Exactly as written, retype the lines that run from the line holding "QUEEN ANNE STYLE" through the end of the records below. Do not include pictures.

================

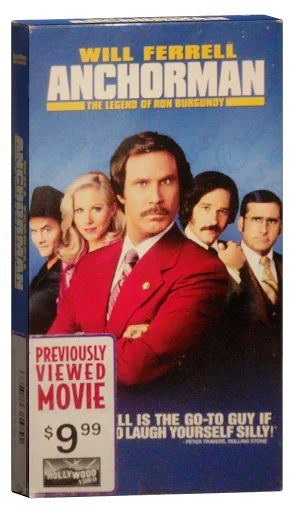 Anchorman: The Legend of Ron Burgundy VHS, DreamWorks Home Entertainment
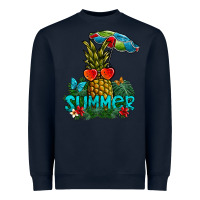 Navy Summer Heavyweight Sweatshirt - CowhideDigitalArt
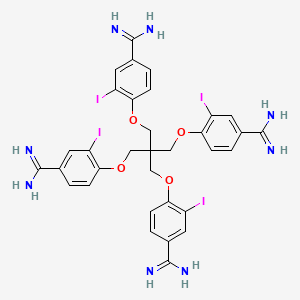 4-[3-(4-Carbamimidoyl-2-iodophenoxy)-2,2-bis[(4-carbamimidoyl-2-iodophenoxy)methyl]propoxy]-3-iodobenzenecarboximidamide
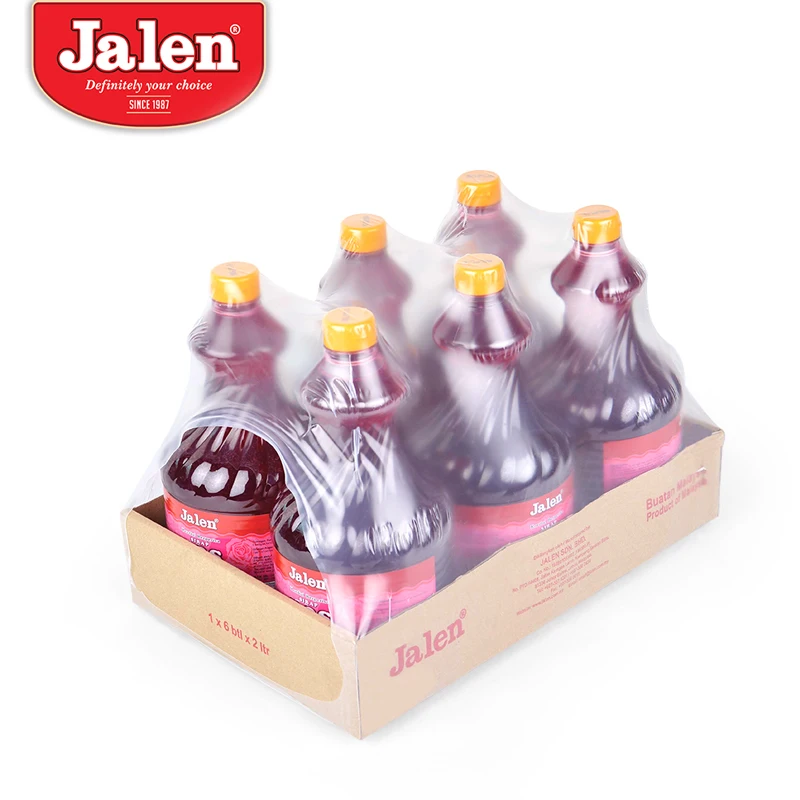 Hot Sale Premium Quality Delicious Sweet Rose Syrup Flavoured Cordial Drink 2L Refreshing And Flavourful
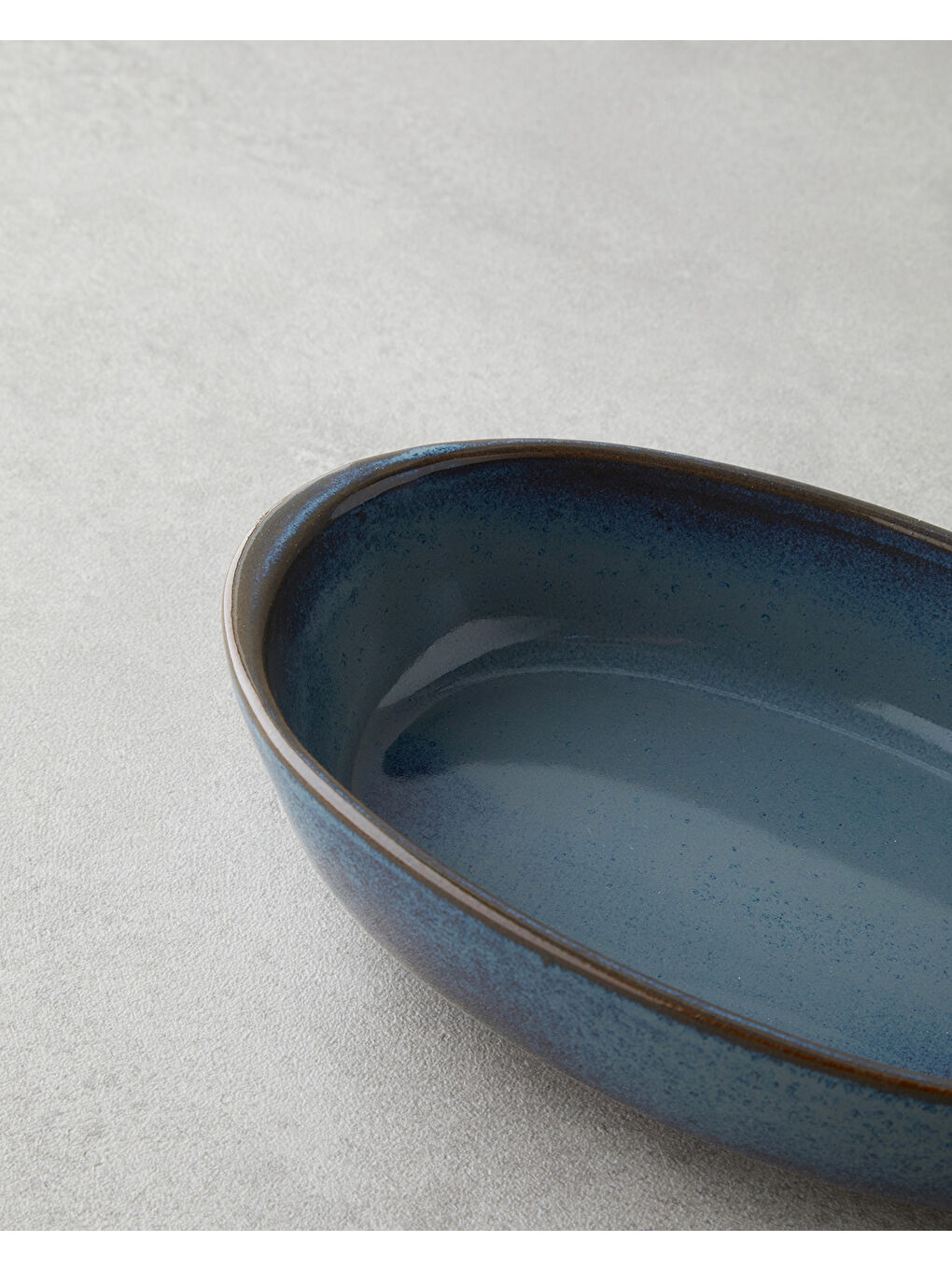 Lia Seramik Fırın Kabı 21x13x5,2 cm Mavi-2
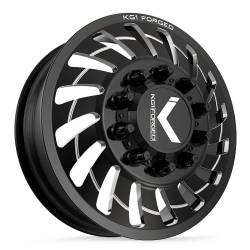 KG1 Wheels - KG1 Wheels KD005 Razor 24x8.25 8x210 145mm Black/Milled KD005F2482521GPM-L - Image 1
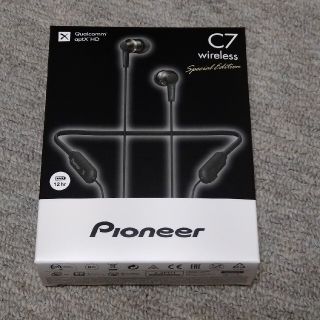 パイオニア(Pioneer)のPioneer C7 wireless special edition ブラック(ヘッドフォン/イヤフォン)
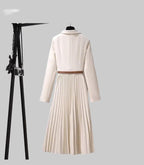 Brigitta | Pleated Blazer Dress for Women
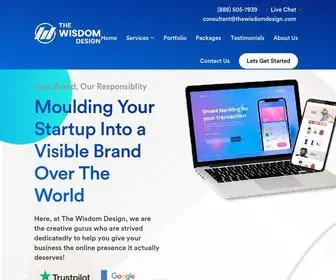 Thewisdomdesign.com(Eminent Design and Branding Agency in USA) Screenshot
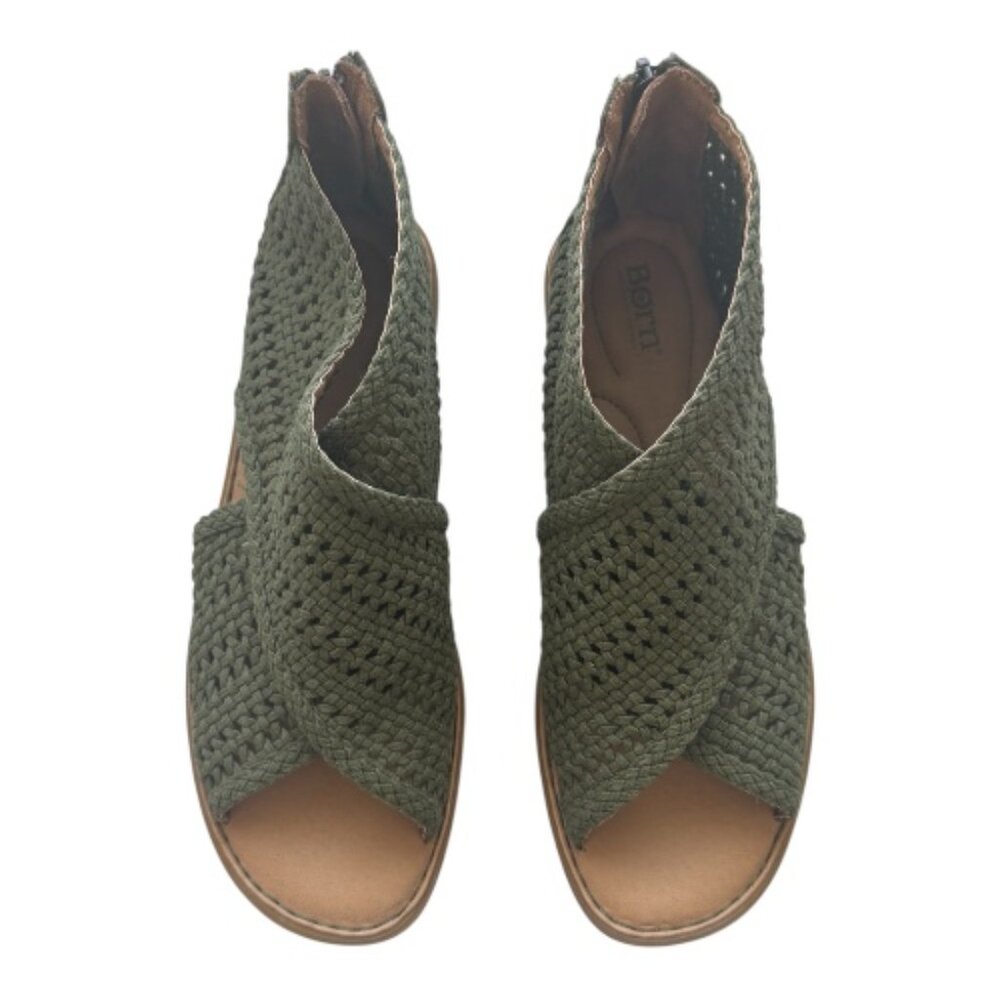 Born Iwa Mac Sandals Women's Size 11M Green Macrame Perforated BR0046663 CQH23 - Picture 12 of 12
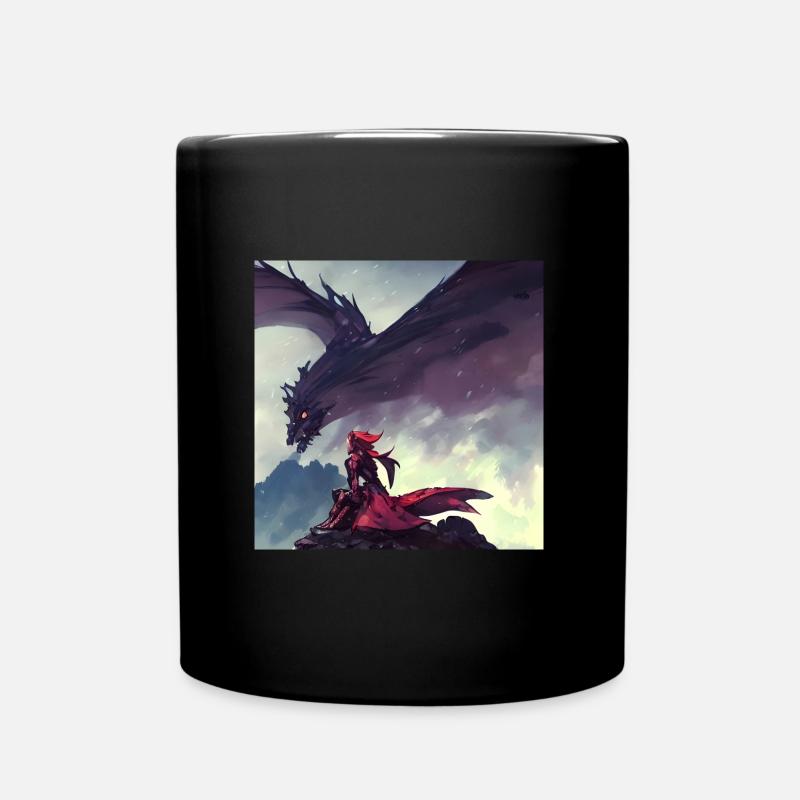 Dragon Lady - Tasse einfarbig - Schwarz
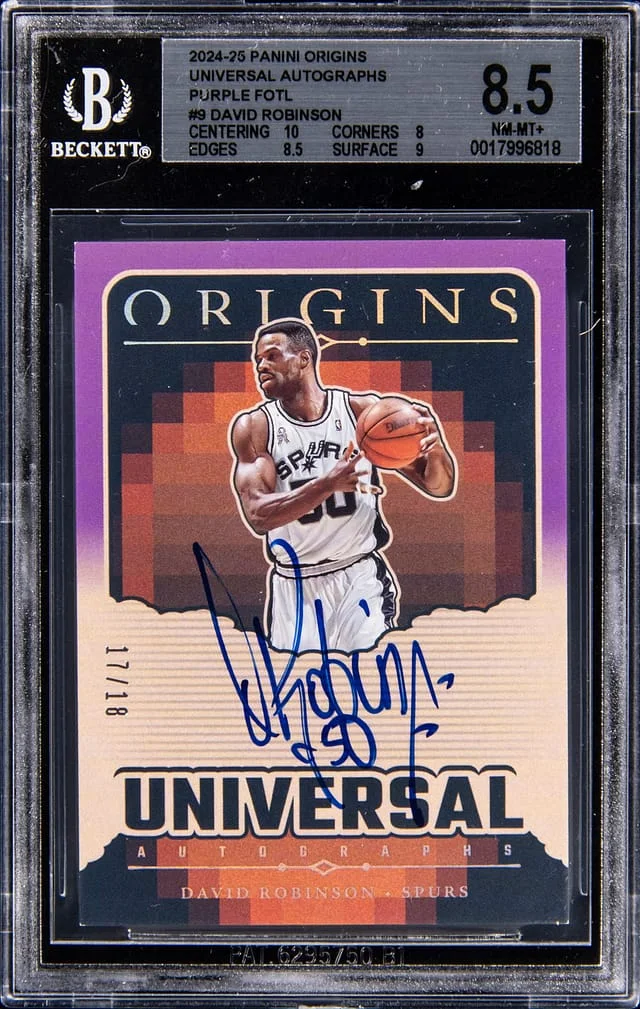 2024-25 Panini Origins David Robertson Universal Autographs-Purple First Of The Line #9 card image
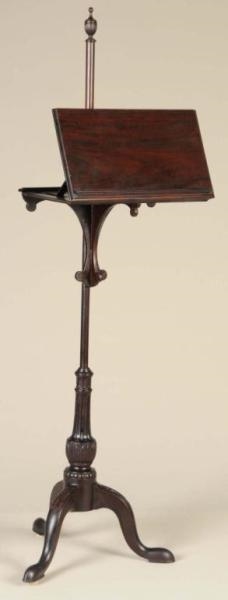 QUEEN ANNE STYLE MUSIC STAND.                     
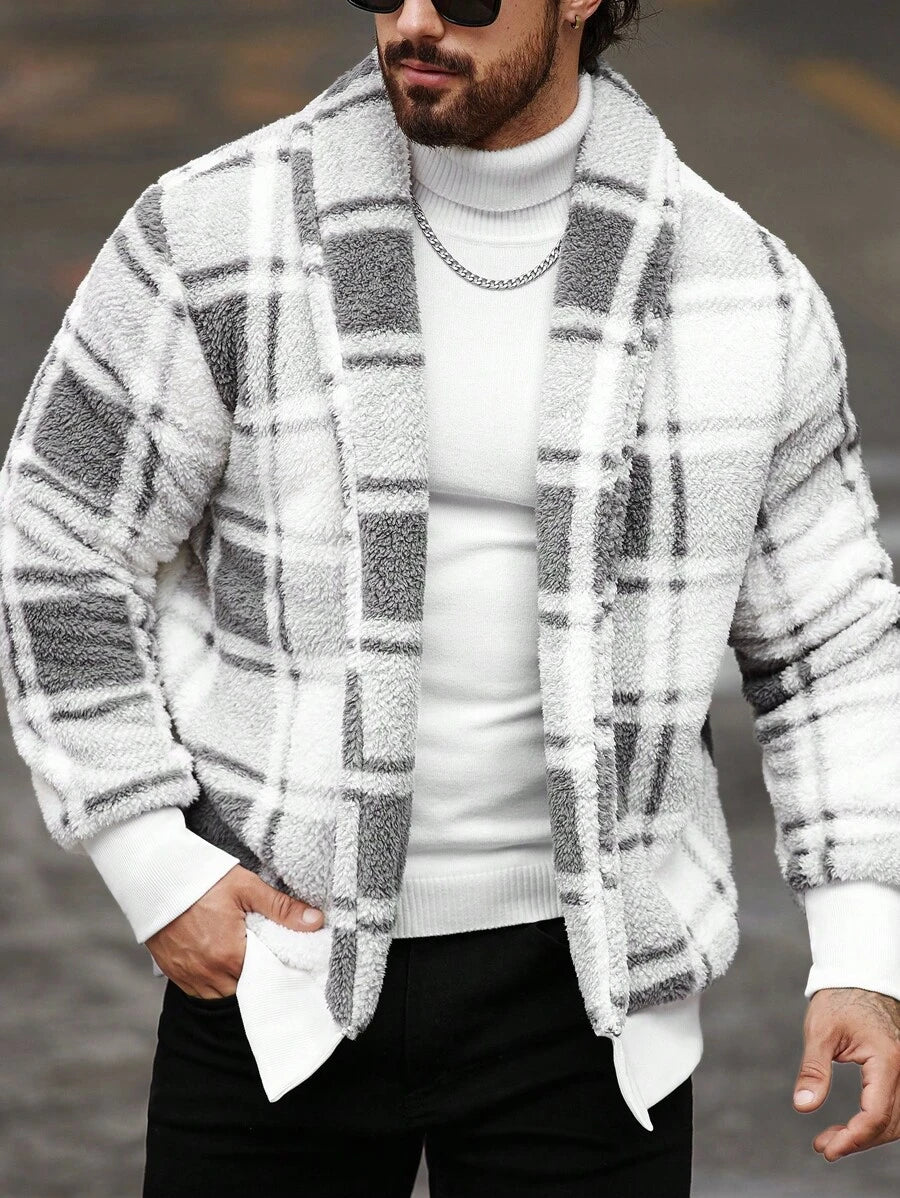 Nico – Lässige Jacke mit Karo-Muster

================

# [Result for this exercise]
 QUEEN ANNE STYLE MUSIC STAND.                     
 Nico – Lässige Jacke mit Karo-Muster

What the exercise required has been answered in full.